Friedrich Nietzsche used to call a balance between Apollonian and Dionysiosian culture in his early work The Birth of Tragedy, which was a representative work of his early life. If our traditional literature including poems and prose should be called an Apollonian culture, then Science Fiction should be the Dionysiosian side. In The left hand of darkness, Ursula Le Guin wrote that “Apollo blinds those who press too close in worship. Don’t look straight at the sun.” Based on that, Science Fiction is a balance of power as a Dionysionian power — insane, madness, irrelated to the true world, messy imagination of an inexisted world. 

But wait, that is not all. Someone has mentioned the Sun in some other way — that Sun will no longer be represented by Apollo — instead, that is the Sun which people are trying to get rid of. In a Science Fiction like Cixin Liu’s Wondering Earth, the Sun played the role of the “dark side” of the Star Wars. The role of Dionysios and Apollo was inverted and Apollo was no longer that Apollo of light, reason, proportion, or harmony. The Apollo used to be had become the dark, the end, the irrational old world, the broken balance. 

That is Science Fiction. Science Fiction is a descriptive show of the ultimate form of Schrodinger’s cat in the box, as well as a metaphor which was called “impossible” by the current world dominated by the Apollo.

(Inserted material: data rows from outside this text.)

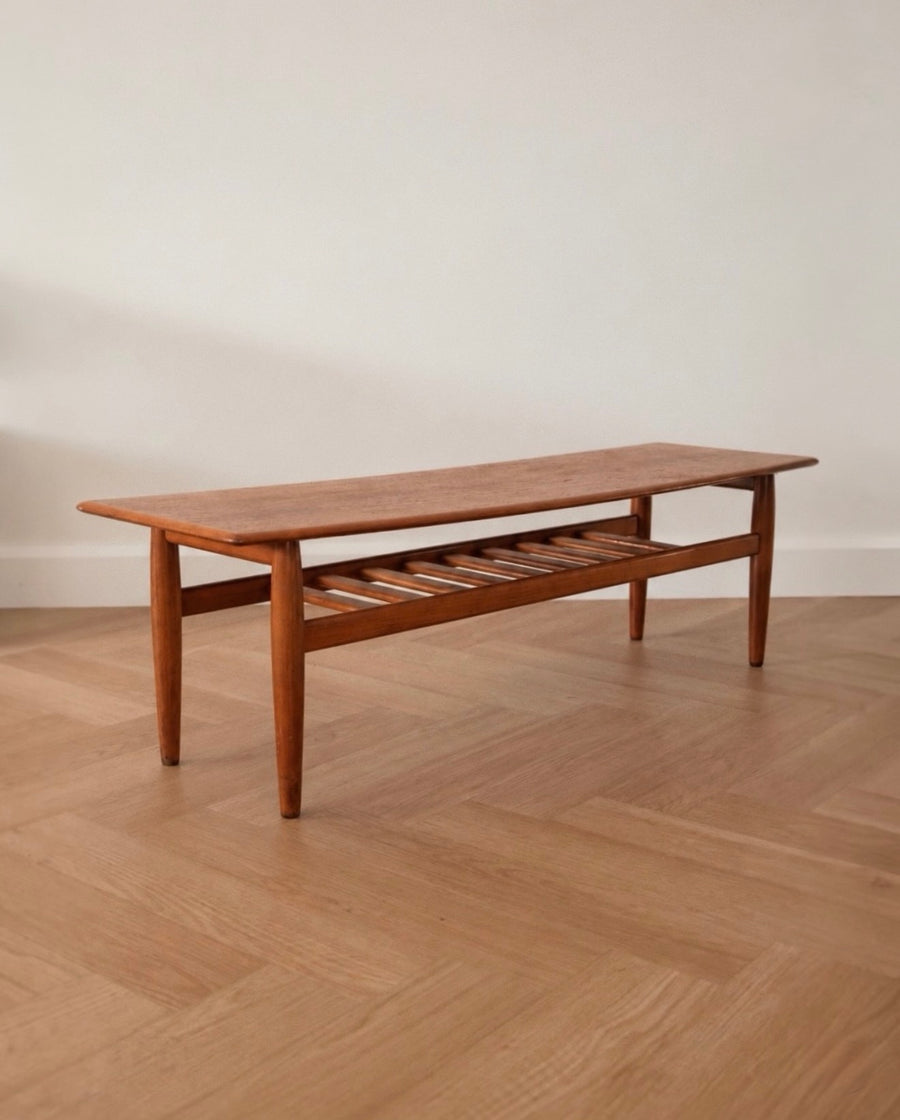 Mid-Century Timber Coffee Table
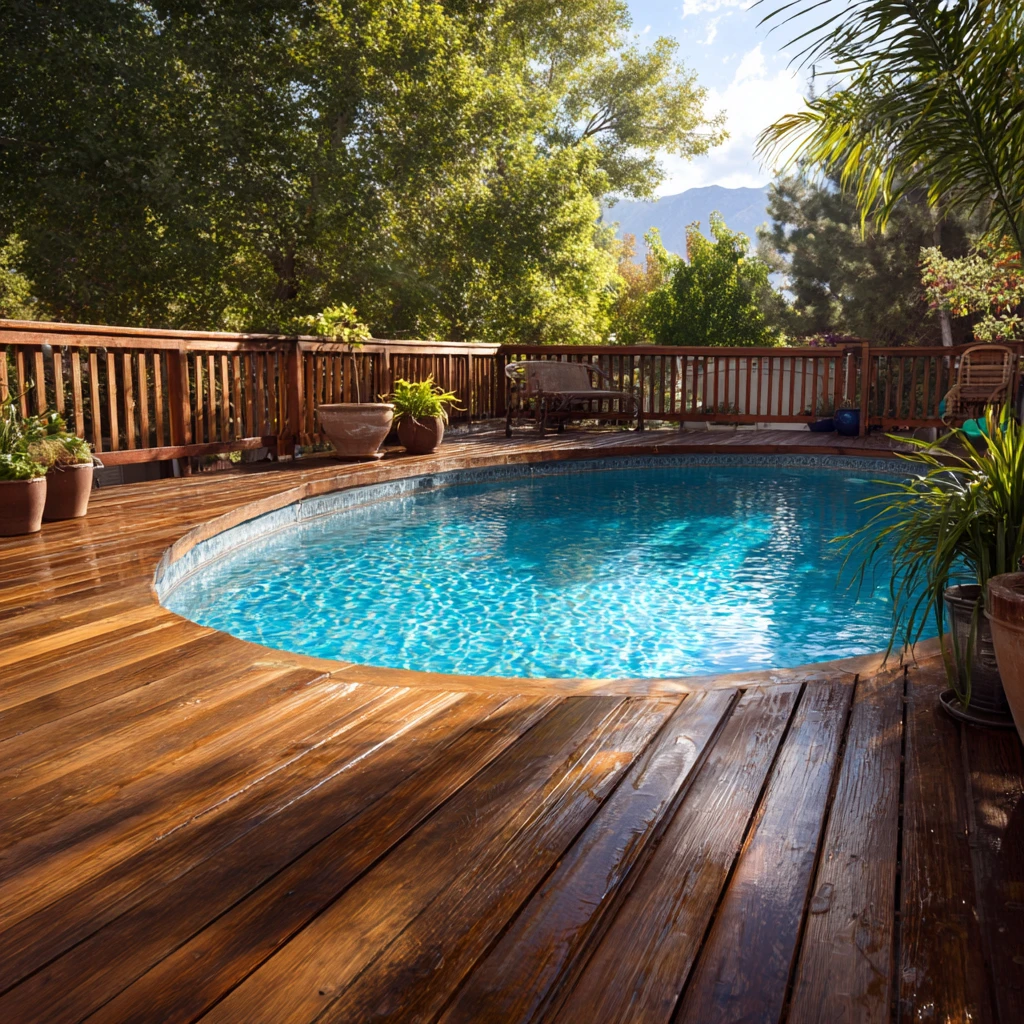 16 Stained Deck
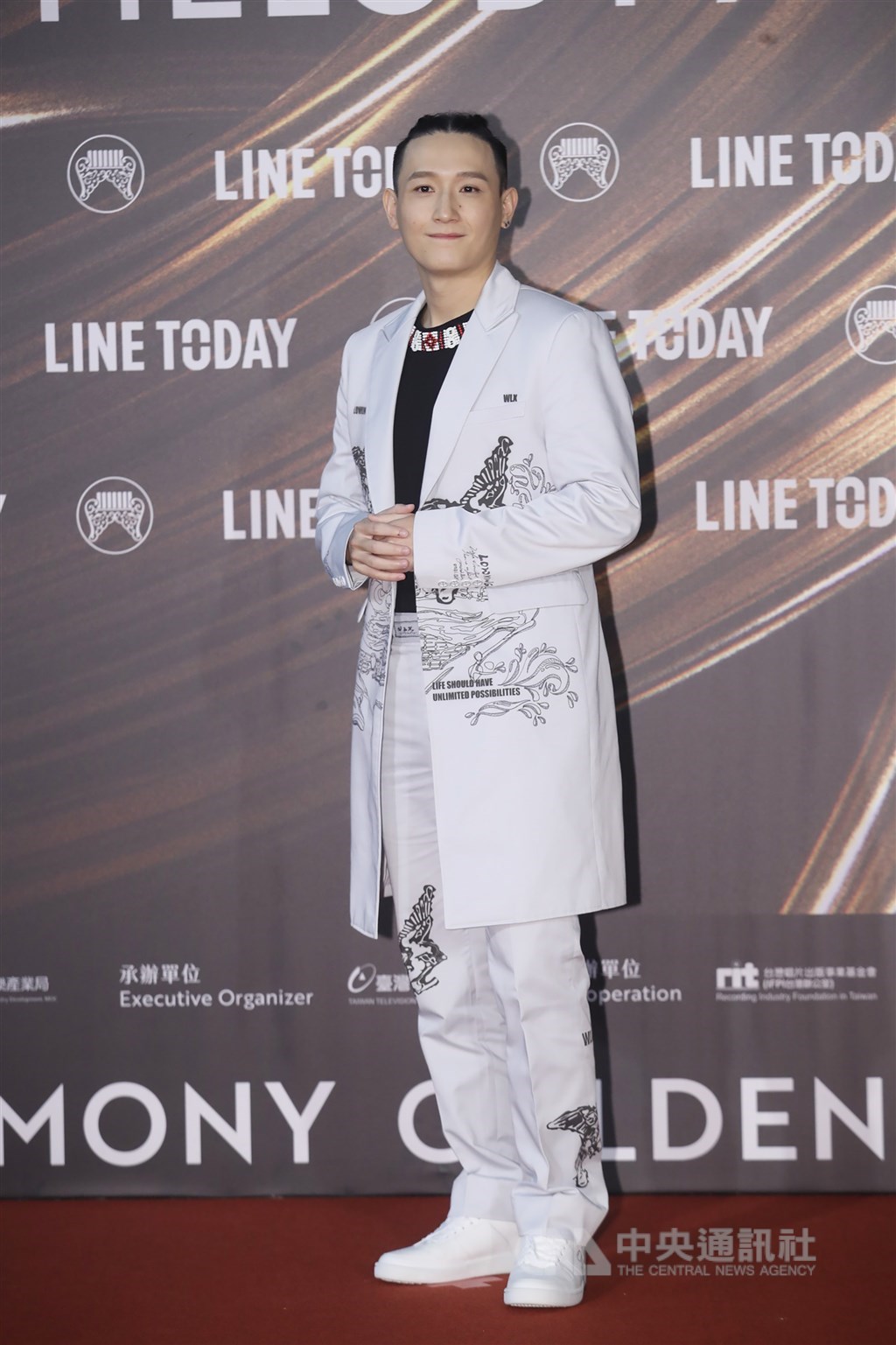 Best Indigenous language singer nominee Lowking (姚宇謙). CNA photo Aug. 21, 2021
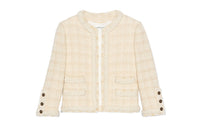 SAINT LAURENT Jackets Coats Women's White Limestone
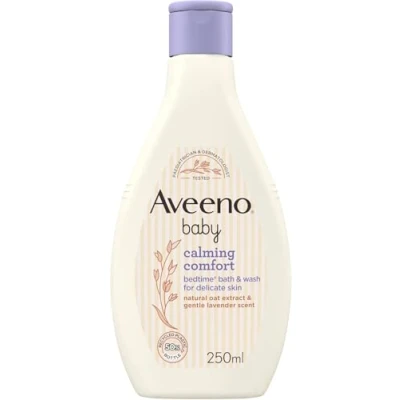 Image of Aveeno Baby Calming Comfort Bedtime Bath and Wash, 250 ml (Pack of 1)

What will something which had happened before in this world be in the future? Will it happen again? If so, will it form in the same way or different, or even inverted way? It is not a philosophical thought, but viewing and imaging of history before and future after. It is a descriptive conclusion of one guess toward the world of Apollo and Dionysios. If Nietzche’s Apollo and Dionysios in Greek time made the birth of Greek tragedy, Science Fiction is our new form of Greek Tragedy.